The fingertip test, no spaghetti strap tops, and no inappropriate shirts that display alcohol or drugs. These rules are all well known to the students of the Mehlville School District.

Dress codes in schools around America including Mehlville have been the topic of debate for a long time. One local administrator has been under fire for her remarks regarding the dress code including telling girls to cover up because it “distracts boys” and even telling boys not to wear “wife beater” tank tops.

Oakville High School Principal Janet Kellerman gave a speech to freshmen on the first day of school talking about the school’s dress code. Kellerman told students girls shouldn’t show their “boobs, bellies, or butts” so they don’t distract boys.

Parents filed complaints, saying the comments were sexist. At open house, Kellerman apologized to parents. She told parents she would apologize to the students as well. Because of these remarks, it’s opened some debate at Mehlville about the district’s dress code.

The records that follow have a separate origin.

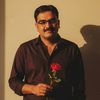 nazeer.ahmed828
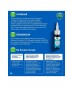 Vicks First Defence Burun Spreyi 15 ML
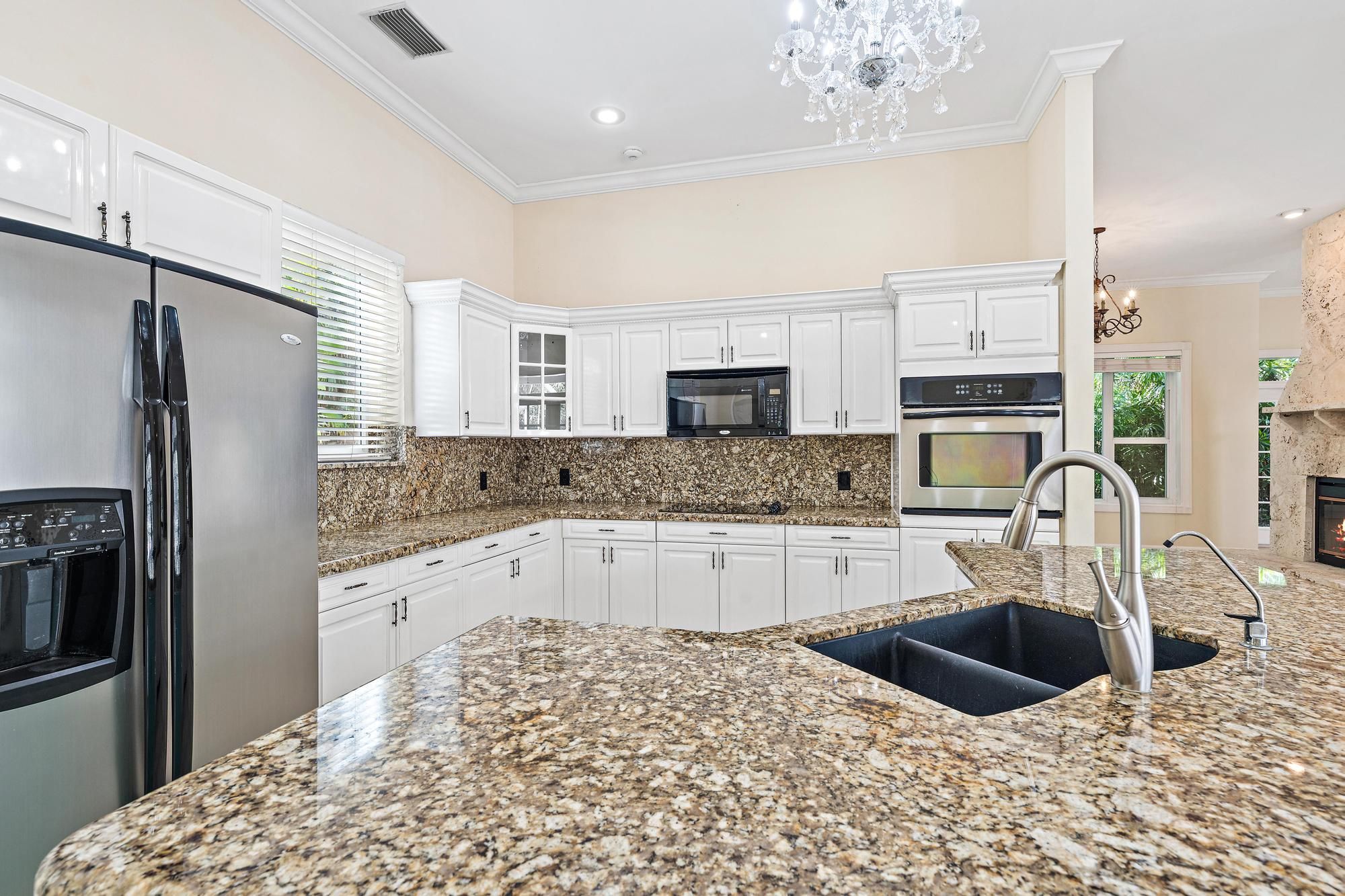 4750 NE Spinnaker Point Place Stuart FL 34996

“It exists to create order in school and create a safe and welcoming environment,” said Mehlville High School Assistant Principal Greg Ruzicka.

According to Ruzicka, the dress code is controversial because “kids want to express themselves. They don’t want adults telling them what to do.”

He claims Mehlville’s and other school’s dress codes are only debatable because kids refuse to listen to authority. Mehlville sophomore Aida Hodzic says otherwise, stating the dress code is biased toward young women when the argument is made that guys are distracted.

“Girls wearing short shorts ‘distracts’ guys? Why are they looking at them in the first place?” Hodzic questions.

Ruzicka responds to the question of if the code is more geared towards girls. “Yes they are. The way it is written it’s not but it’s enforced more to girls” He says it doesn’t literally gear towards girls but it’s “just the nature.”

Hodzic suggests we do not need the dress code at all. “People aren’t going to show up to school naked,” said Hodzic. She even goes as far as to say “if you’re going to control what people wear, then give us uniforms.”

Ruzicka believes all components of the policy are reasonable except for one: number six, which states that students aren’t allowed to wear hats, hoods, or head garments. He says the rule has been relaxed in recent years due to religious reasons. This school year, students are now allowed to wear hoods, hats and du-rags, though teachers can still disallow it in their individual classrooms if they choose. 

“The school dress code is vague. It’s vague for a reason.” says Ruzicka. Hodzic disagrees and claims “the dress code is very strict, especially toward females.”

Currently, Mehlville has no plan on changing the entirety of the dress code besides the changes that have been made to the ‘no hat’ policy.